Uniformly distributed over $( 0,1)$

Question

If $x, y,$ and $z$ are selected independently at random from the interval $[0,1]$, what is the probability that $x<y<z$?

Answer 1

The probability that two of the variables are equal is zero. Thus the event whose probability you seek is the occurrence of one of $3!=6$ orders that are mutually exclusive and all equally probable by symmetry. Thus the probability for this order to occur is $\frac16$.

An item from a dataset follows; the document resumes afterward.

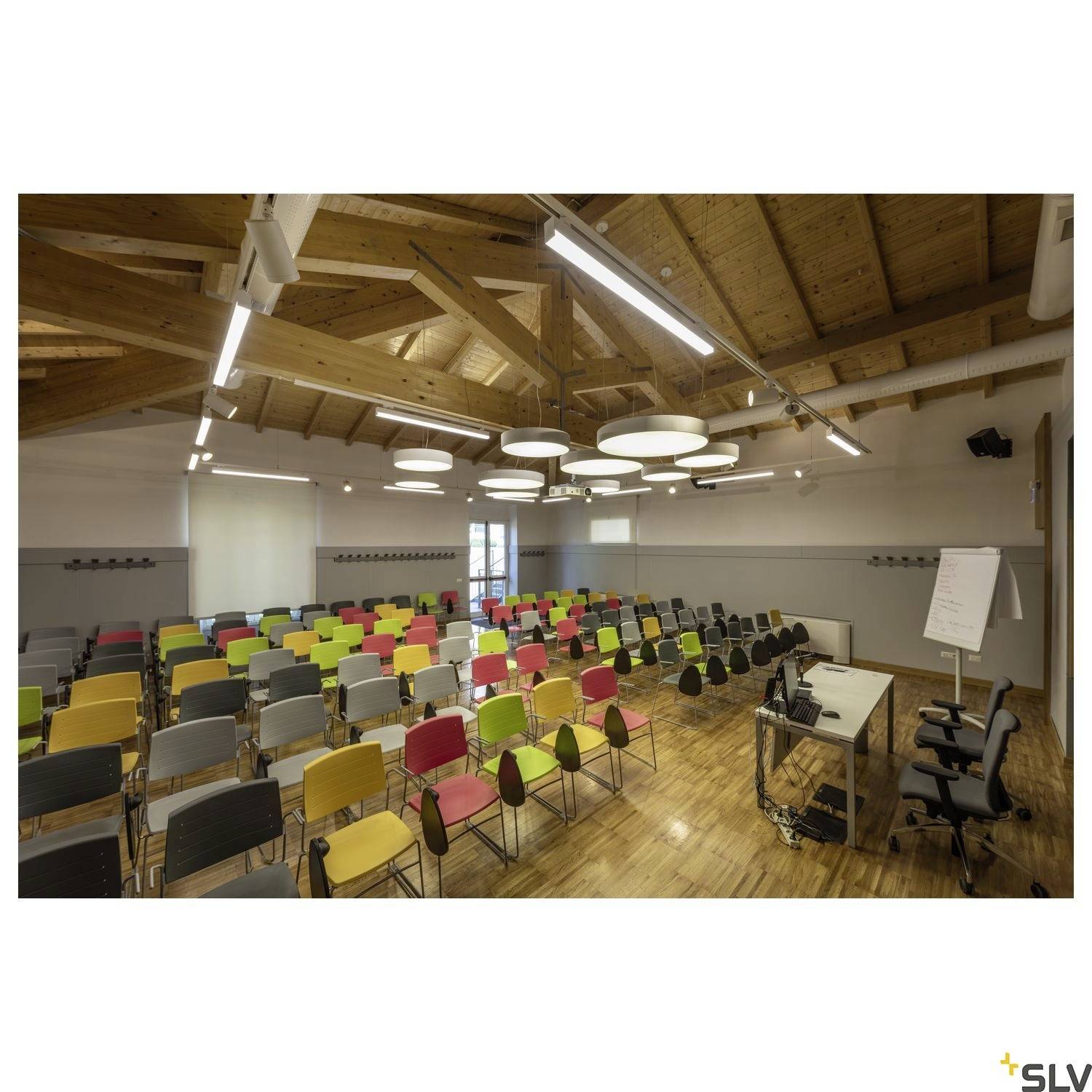 A modern, well-lit conference room with a wooden ceiling is before you. The room is equipped with colourful chairs and a presentation lectern.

(I'm assuming that you forgot to state that the variables are identically distributed. If this is not known to be the case, then there's not enough information to answer the question.)

Answer 2

$\newcommand{\bbx}[1]{\,\bbox[15px,border:1px groove navy]{\displaystyle{#1}}\,} \newcommand{\braces}[1]{\left\lbrace\,{#1}\,\right\rbrace} \newcommand{\bracks}[1]{\left\lbrack\,{#1}\,\right\rbrack} \newcommand{\dd}{\mathrm{d}} \newcommand{\ds}[1]{\displaystyle{#1}} \newcommand{\expo}[1]{\,\mathrm{e}^{#1}\,} \newcommand{\ic}{\mathrm{i}} \newcommand{\mc}[1]{\mathcal{#1}} \newcommand{\mrm}[1]{\mathrm{#1}} \newcommand{\pars}[1]{\left(\,{#1}\,\right)} \newcommand{\partiald}[3][]{\frac{\partial^{#1} #2}{\partial #3^{#1}}} \newcommand{\root}[2][]{\,\sqrt[#1]{\,{#2}\,}\,} \newcommand{\totald}[3][]{\frac{\mathrm{d}^{#1} #2}{\mathrm{d} #3^{#1}}} \newcommand{\verts}[1]{\left\vert\,{#1}\,\right\vert}$ \begin{align} &\bbox[10px,#ffd]{\int_{0}^{1}\int_{0}^{1}\int_{0}^{1}\bracks{x < y < z}\dd x\,\dd y\,\dd z} = \int_{0}^{1}\int_{0}^{1}\bracks{y < z}\int_{0}^{1}\bracks{x < y}\dd x\,\dd y\,\dd z \\[5mm] = &\ \int_{0}^{1}\int_{0}^{1}\bracks{y < z}\int_{0}^{y}\dd x\,\dd y\,\dd z = \int_{0}^{1}\int_{0}^{1}\bracks{y < z}y\,\dd y\,\dd z = \int_{0}^{1}\int_{0}^{z}y\,\dd y\,\dd z \\[5mm] = &\ \int_{0}^{1}{1 \over 2}\,z^{2}\,\dd z = \bbx{1 \over 6} \end{align}

$\ds{\bracks{\cdots}}$ is an Iverson Bracket.